(WHAT TO WORK ON) From the first line to the last, print the material exactly, skipping the pictures.

(COLLECTED DATA)
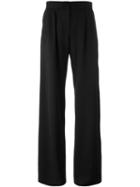 Ssheena Wide-legged Trousers, Women's, Size: 40, Black, Wool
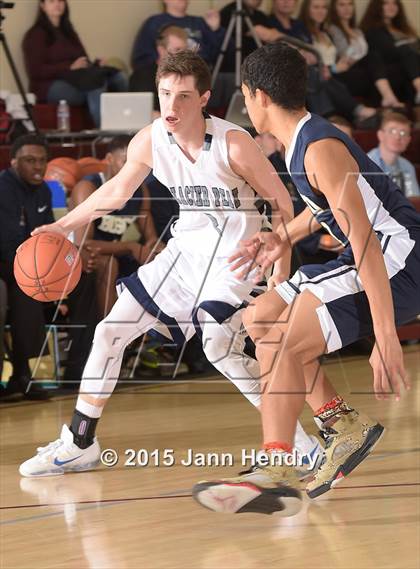 Thumbnail 1 in Glacier Peak vs. St. John Bosco (MaxPreps Holiday Classic) photogallery.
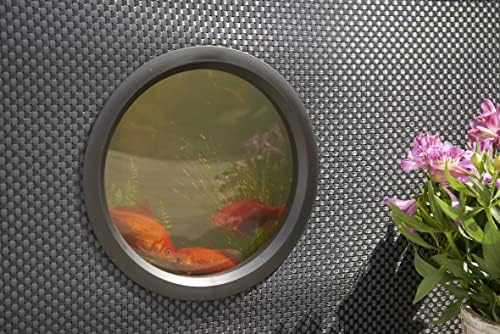 Hozelock 500L Above-Ground Outdoor Aquarium with Windows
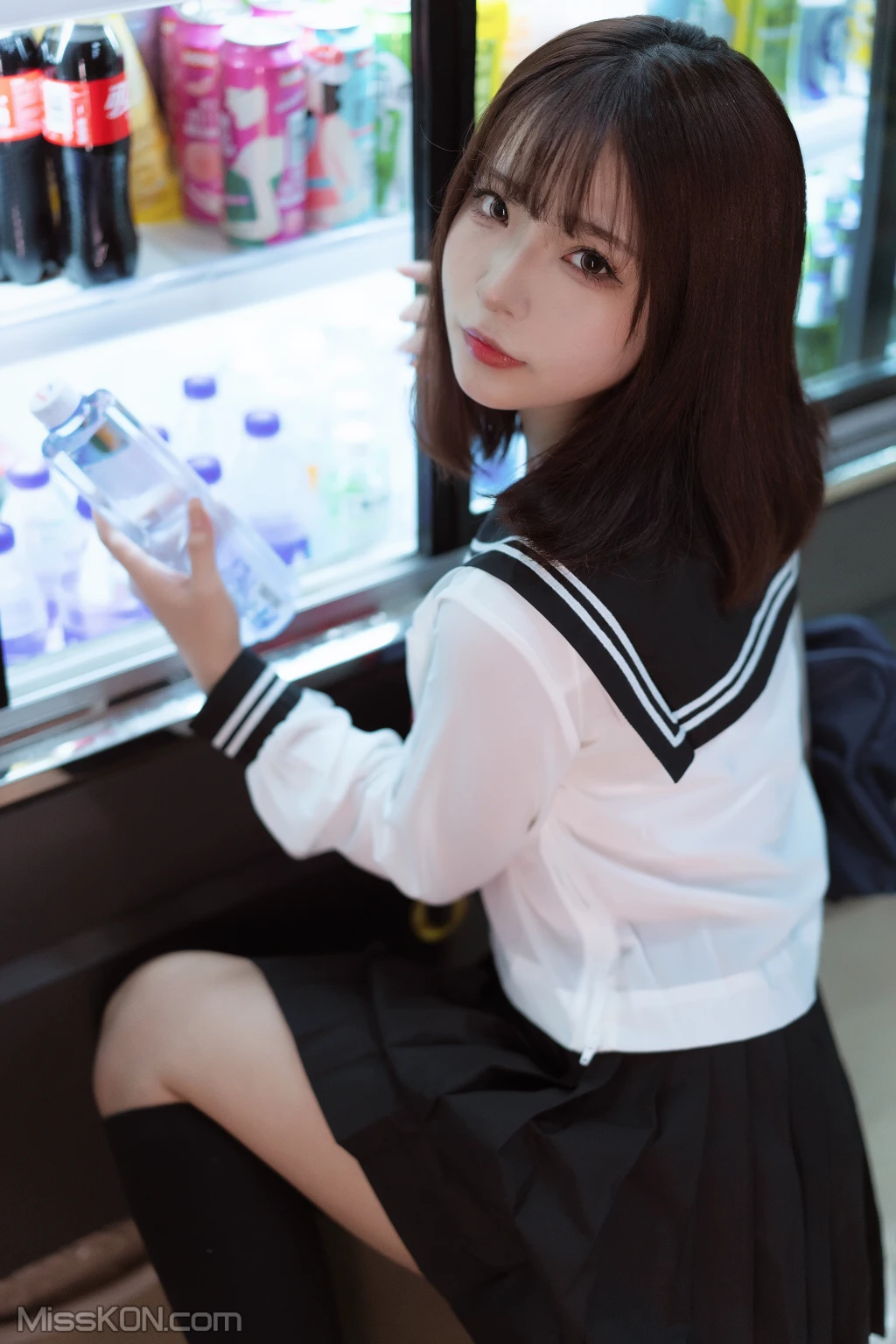 Coseryuuhui玉汇 约会我的女学生 101 photos - 2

(REPLY TO THE EXERCISE)
 Ssheena Wide-legged Trousers, Women's, Size: 40, Black, Wool
 Thumbnail 1 in Glacier Peak vs. St. John Bosco (MaxPreps Holiday Classic) photogallery.
 Hozelock 500L Above-Ground Outdoor Aquarium with Windows
 Coseryuuhui玉汇 约会我的女学生 101 photos - 2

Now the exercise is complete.